Waukegan Aldermen Linked to Casino Bid Rigging and Cash Are Back in the News




In 2019, six candidates for Aldermen in Waukegan were given hundreds of thousands of dollars towards their campaigns in an apparent scheme to rig the casino selection process by the City of Waukegan. Each of these candidates was endorsed and supported by then-Mayor Sam Cunningham.


There was so much money given funneled into the campaigns of former Mayor Cunningham and these candidates by former State Senator Michael Bond through his video gambling machine company Tap Room Gaming that ProPublica published a story on the topic in 2019 titled “From Truck Stops to Elections, a River of Gambling Money Is Flooding Waukegan.” ProPublica revealed direct links between Michael Bond, who would later head a casino bid that Cunningham endorsed, Sam Cunningham, and former State Senator Terry Link, who since has been indicted on federal charges.


Senator Link had tried to bring a casino to Waukegan for nearly a generation. When the initial bill was drafted in Springfield by Link, its language would have guaranteed that Michael Bond and Tap Room Gaming would control the Waukegan Casino. Ultimately, this plan failed even in corrupt Springfield. However, when the legislation was finally passed in 2019, Bond still had a shot at pitching his North Point Casino to Waukegan Aldermen, but through a selection process.


The Michael Bond-funded candidates who won their elections, Alderman Keith Turner, Alderwoman Sylvia Sims-Bolton, Alderman Patrick Seger, and Alderman Roudell Kirkwood (who was later indicted on dozens of felonies), were essentially owned by Bond and Cunningham.
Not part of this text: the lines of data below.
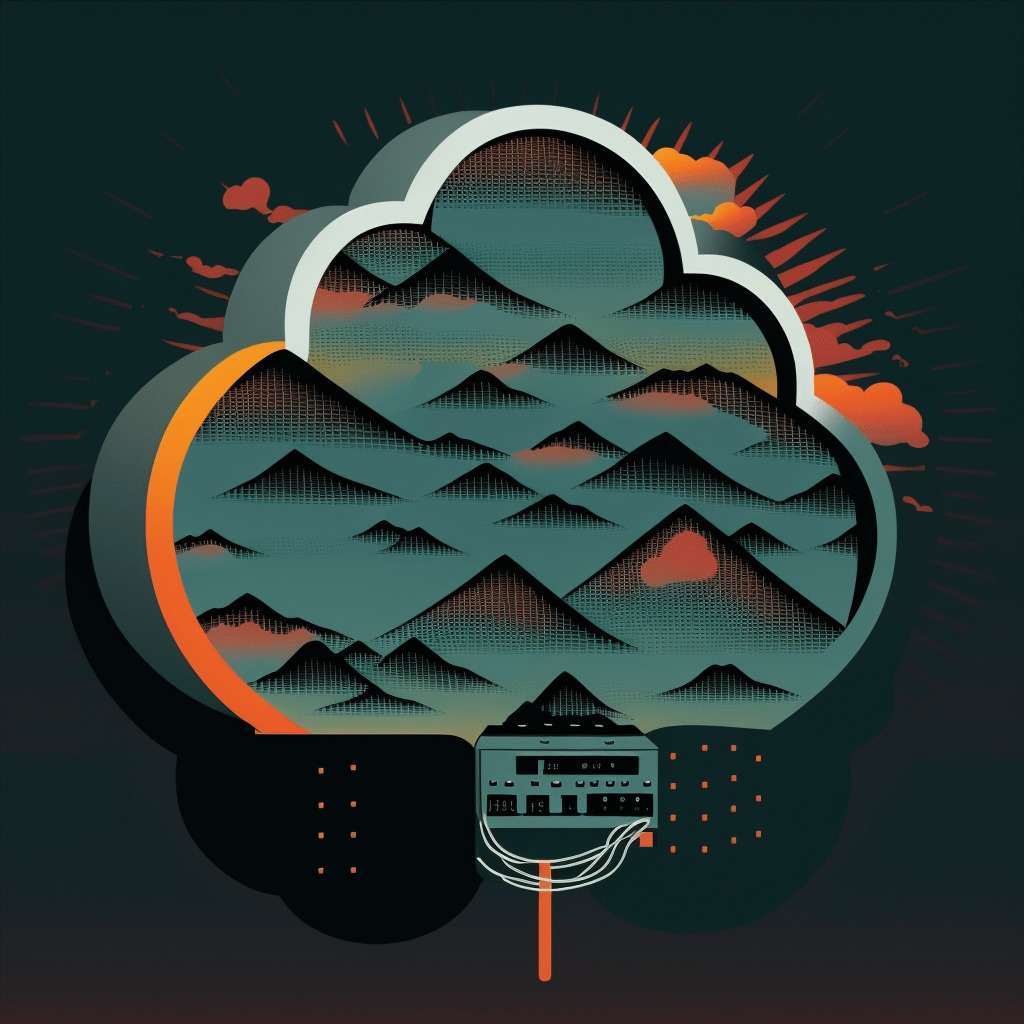 The Problem If you’ve integrated Grafana Alerting with PagerDuty, you’ve probably noticed something frustrating: the PagerDuty incident details are cluttered with every single label and annotation from your alerts. Here’s what you typically see: { "details": …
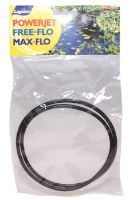 Náhradní těsnění víka LAGUNA Pressure-Flo 2500 a 5000 (1)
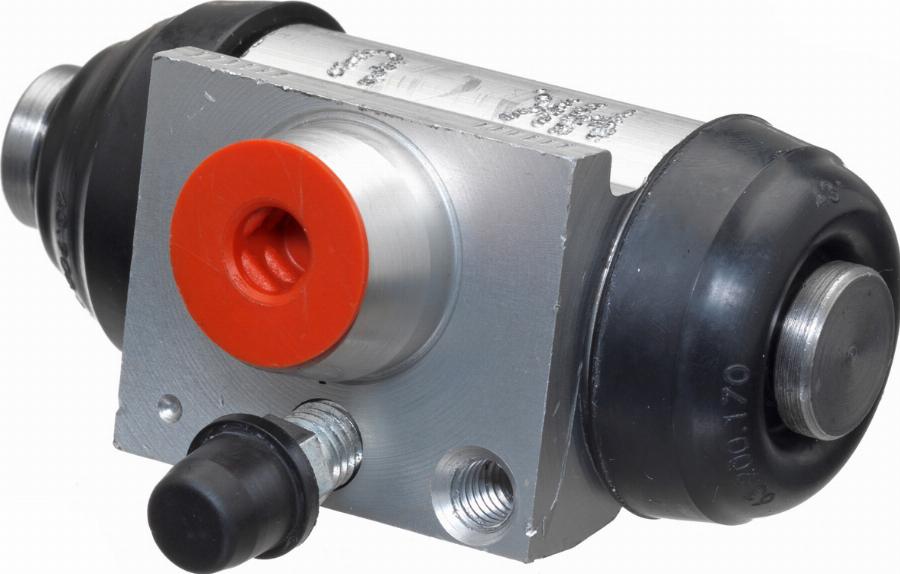 ATE 24.3220-1761.3 - Колесный тормозной цилиндр abcparts.ee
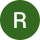 Ryan Tremblay avatar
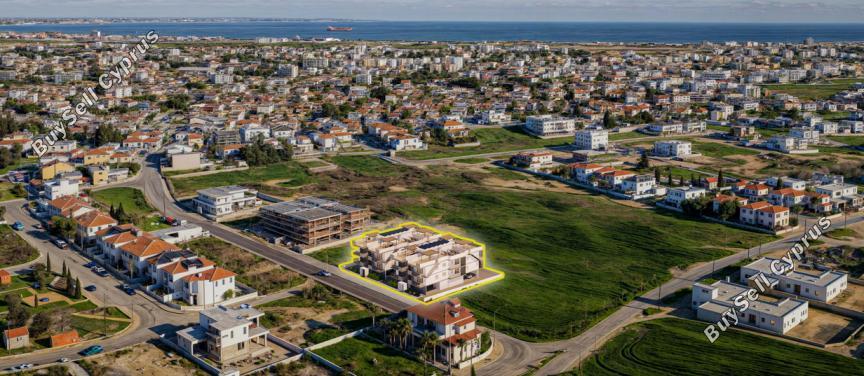 1 bedroom apartment for sale aradippou larnaca 8286920 image 14052240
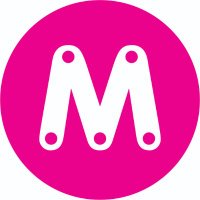 Maker{Futures} (@maker_futures) 's Twitter Profile Photo Maker{Futures} (@maker_futures) 's Twitter Profile Photo
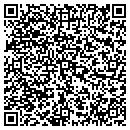 QR code with Tpc Communications contacts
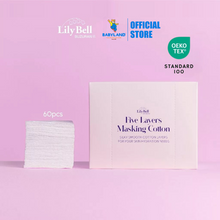 Translation missing: ms.sections.featured_product.gallery_thumbnail_alt
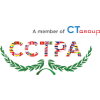 CCTPA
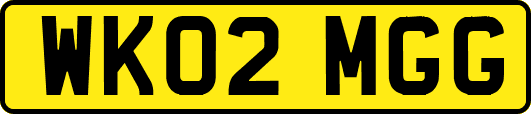 WK02MGG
And when it came time for Waukegan’s Aldermen to choose which casino proposals to send to the Illinois Gaming Board, according to a lawsuit by the Forest County Potawatomi Community, Mayor Cunningham told his gaming-backed candidates precisely who to support, and of course, that meant supporting Michael Bond’s casino bid.


Ultimately the Illinois Gaming Board was so concerned about the connections between the elected officials who took campaign money from Michael Bond that they awarded the casino to Full House Resorts, which since has opened The Temporary Casino in Waukegan’s Fountain Square.

The Potawatomi filed a lawsuit calling the casino selection process by Mayor Cunningham a “sham.” This lawsuit has resulted in Full House Resorts stating to the Chicago Sun-Times that they might delay the construction of the permanent casino in Waukegan.


As usual, with everything related to Waukegan corruption, the people who hurt the most are always the residents. Full House Resorts has committed nearly a half billion dollars into the Waukegan casino site, and in a worst-case scenario for Waukegan, the appellate court said that the Illinois Gaming Board might even need to restart the application process over again.